Andalucía te ha pegao, me dice Miguel, ya de vuelta en Madrid. Le cuento que cuando llegué a estas costas sólo podía oler sus desperdicios. Que ahora soy capaz de oler la vitalidad de la tierra, y el romero, y la hierbabuena. Que ahora huelo la eclosión vegetal de medianoche, pero no sé muy bien qué hacer con ello.
Camino de San Fernando veo un sembradío y al lado un aguazal de aguas rojas. San Fernando, Bahía Sur, patria de José Monge Cruz, Camarón de la Isla. Sus ojos me atraviesan, a los diez años ya tenía esas pestañas rizadas. Ajos, pimientos, y una bruja con su escoba de esparto oficiando de vigía detrás de la barra.

Ay luna, que brilla en los mares, en los mares oscuros. Ay luna, tú no estás cansá de girar al mismo mundo. Ay luna, quédate conmigo y aun no te vayas, porque dicen que a veces se tarda el alba, se tarda el alba.

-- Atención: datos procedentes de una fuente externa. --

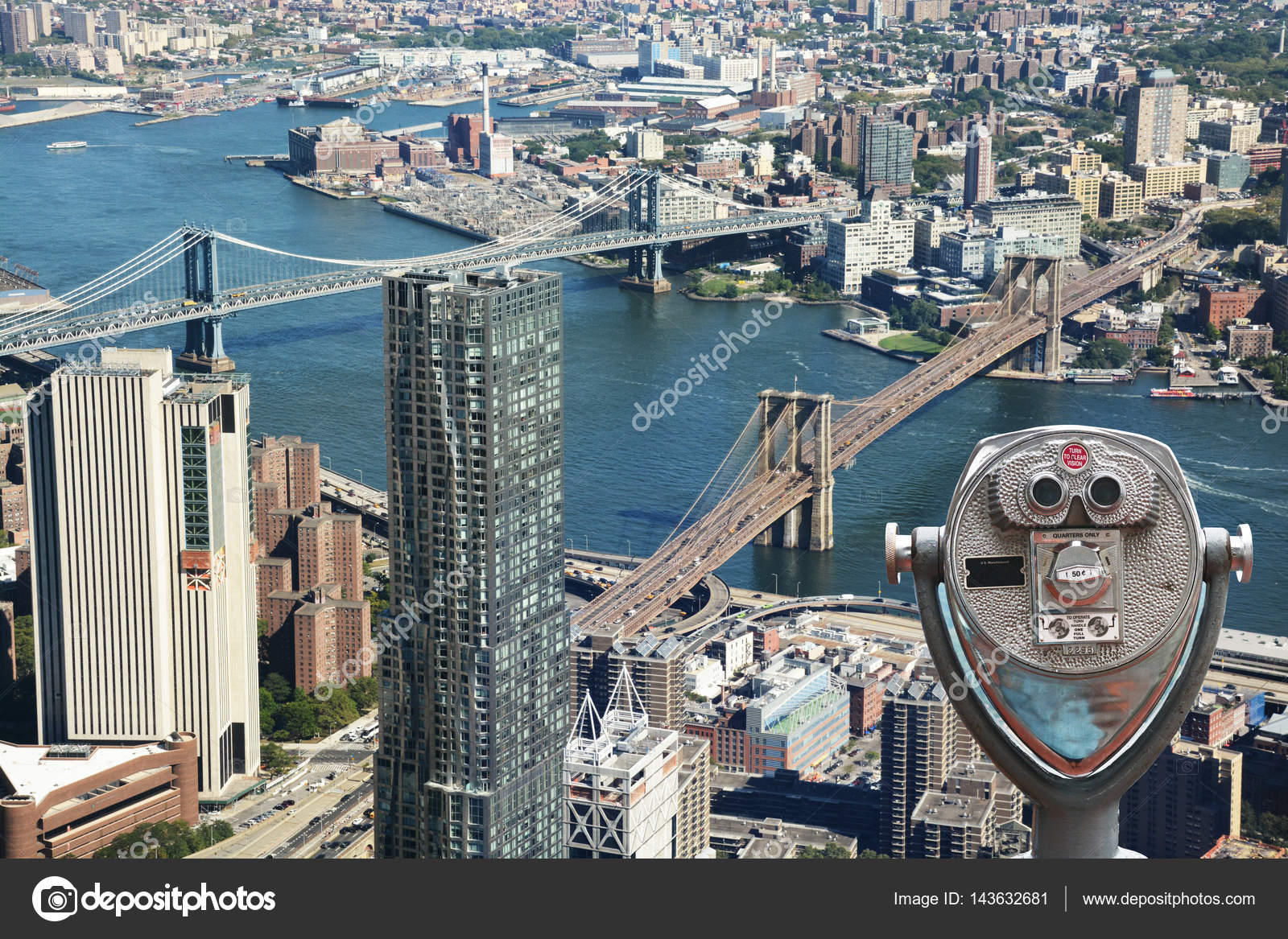 Sightseeing telescope against Brooklyn Bridge and Manhattan Bridge, New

En un bar de Jerez, y siendo las dos de la tarde, un tío le canta a una luna embustera como si fueran las dos de la mañana ,mientras una morena vestida a rayas, como de enfermera, y que va con una chavalita de larga melena oscura - muy tímida, su hija pequeña, seguro- palmean a dúo. Qué más dá, siendo las dos. Tinto de verano en el Bar los Tres Reyes; pero yo no he venido a tomarme una coca-cola, que para eso me voy a Orlando. Un currante que vende gafas canta en el tren de regreso a Cádiz. Tengo la sensación de que si no hubiera nadie palmeando no seguiría, pero las chicas palmean -al principio tímidamente, un poco de cachondeo-, y el tío sigue. El cante está en el deje, en el aire que parece que se congela caliente bajo el sol. Está en el blanco y azul de las casas. A ellos, una jam session podría sonarles a canto de niños. El flamenco es así: nace y muere donde toque.

Pero venid a Gares por la ruta del viento
y en la encendida calma de un visillo quedaros
y que el amor del cielo os depare el levante.